This year the School of Architecture will partner with the African Heritage Cultural Arts Center and Turner Technical Arts High School to create plaques, flags, and a pop-up market to enhance the courtyard space at the cultural center in Liberty City.

Twenty-seven students from Turner Technical Arts High School worked with 53 first year architecture students to come up with their own designs, based on ancient African icons. Their work will be unveiled on Friday and then seen by the public the next day during the 2019 Sankofa Jazz Festival held at the center’s grounds. 

 

Germane Barnes with U-Serve students

“The goal of this collaboration is to unveil the rich history of Liberty City, a historically disinvested community to the University of Miami community, as well as unveil the similarities and differences of experiences between university students and high school students,” said School of Architecture lecturer Germane Barnes, who along with Xavier Cortada, a local artist and professor of practice at UM, came up with the idea. 

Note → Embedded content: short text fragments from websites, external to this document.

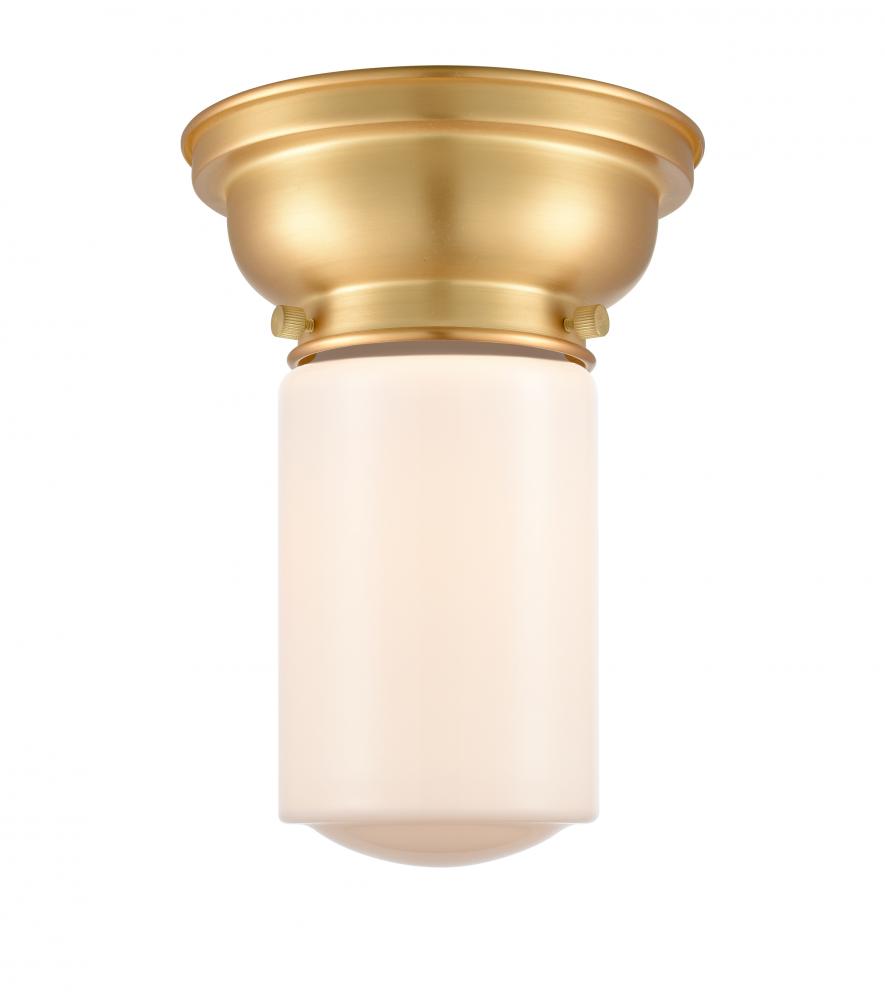 Dover - 1 Light - 6 inch - Satin Gold - Flush Mount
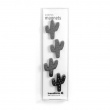 Magneter i form av kaktus, 4 stk., CACTUS, metallisk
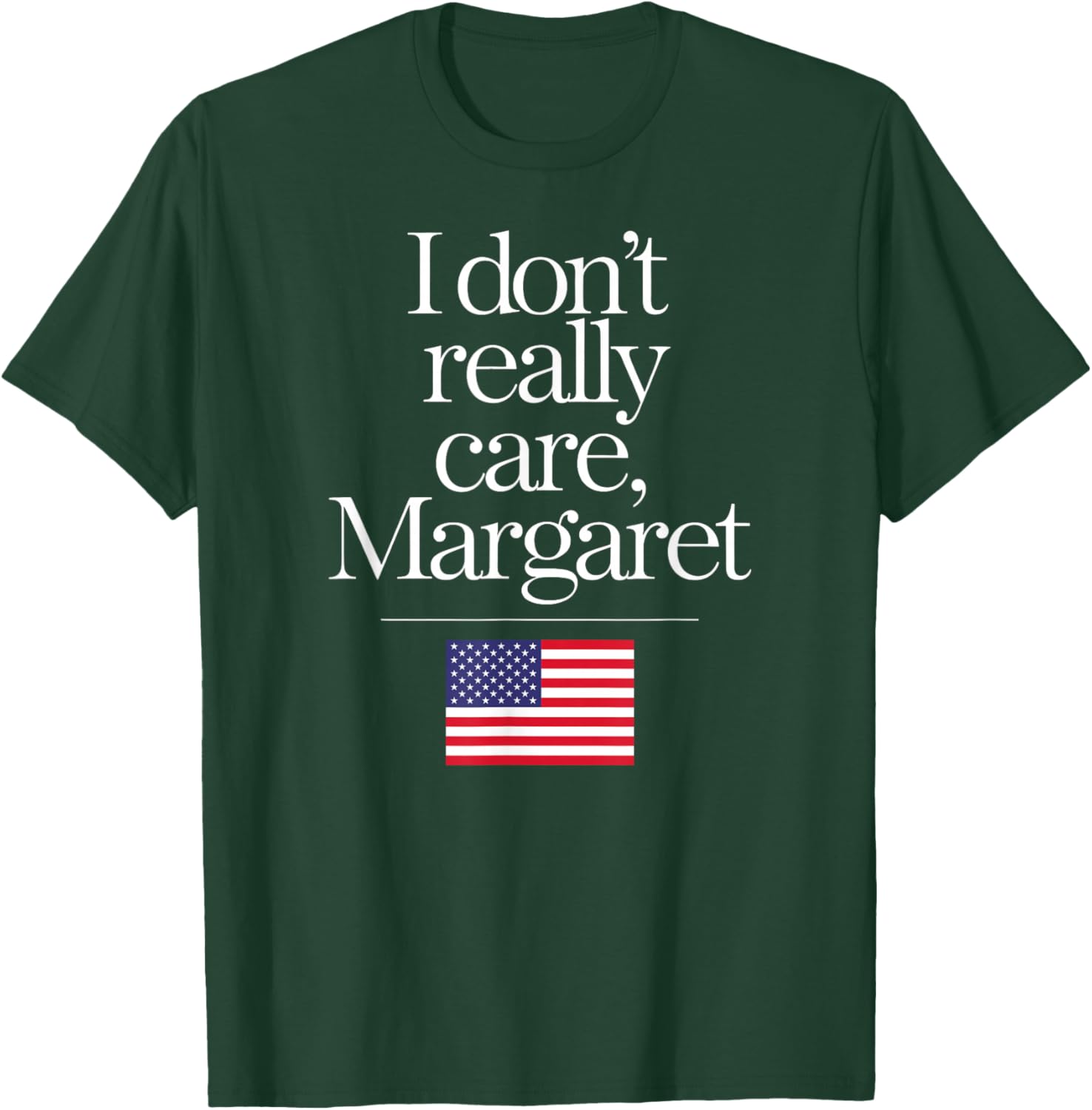 Funny Minimalist JD Vance T-Shirt I Don't Really Care Margaret Design - 9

The first part of the day at UM—for both the university and high school students—was to learn about the ancient Adinkra symbols, which would be used as a basis to create the plaques. Nana Blackman, visual arts coordinator for the arts center, talked to the students about the significance of the symbols, which are used by certain groups in Ghana to relay concepts and even evoke energy. 

“Remember that these cultural symbols are constantly evolving, so as a community changes different elements are added,” Blackman explained to the group gathered at Glasgow Hall.

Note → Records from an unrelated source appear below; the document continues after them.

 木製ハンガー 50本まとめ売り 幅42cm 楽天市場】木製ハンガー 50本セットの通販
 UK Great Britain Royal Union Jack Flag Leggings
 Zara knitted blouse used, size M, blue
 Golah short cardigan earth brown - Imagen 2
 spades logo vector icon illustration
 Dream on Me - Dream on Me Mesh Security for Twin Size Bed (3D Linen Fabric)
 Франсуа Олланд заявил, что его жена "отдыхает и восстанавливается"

Later, working in small groups at the spacious Thomas P. Murphy Design Studio Building, the students were tasked with coming up with their own version of an Adinkra symbol, which would also highlight the significance the arts center has in the community. The center has provided arts training for the local residents for decades and has several notable alumni from its classes including Tarell Alvin McCraney, the Oscar-winning screenwriter of the movie Moonlight, said Marshall L. Davis, managing director of the center, who also spoke to the students.   

The students were encouraged to use their life experiences and preferences to come up with the symbols they would use in their group’s plaques. 

Working on laptop computers, Metellus and her teammates decided upon two symbols. They selected Aya, the symbol of endurance and resourcefulness, which represents traits that Metellus had to learn as she adapted to life in a new country, and Sankofa, a symbol that signifies “go back and get it.”    

“I take that to mean that we have to learn from history,” said Rosen, a first year architecture student from Long Island, New York. “Unfortunately, not many people learn from history.” 

Their new creation, combining two graphics, will be engraved on one of 27 wooden plaques for the project. Sixty-nine flags will be created by second year architecture students and will also be displayed.  

For 15-year-old Johanna Saint-Val, a Turner Technical Arts High School student, the symbol Akoma piqued her fancy. It was a simple heart shape and it spoke of patience and tolerance.

“But it reminds me of my parent’s love and affection toward one another,” she said. 

As Cortada watched the students interact with each other, he smiled. 

“I hope this project will unearth cultural riches that can be used repeatedly to energize the community as the center holds farmers markets and other events,” he said. “These icons should be permeated throughout the community with pride.” 

Cortada also hopes that the high school students, most of whom had never visited a college, would retain a favorable impression of the University and maybe consider applying someday.  

“If I were a freshman in high school and could sit with a UM student, I would be thrilled,” he said.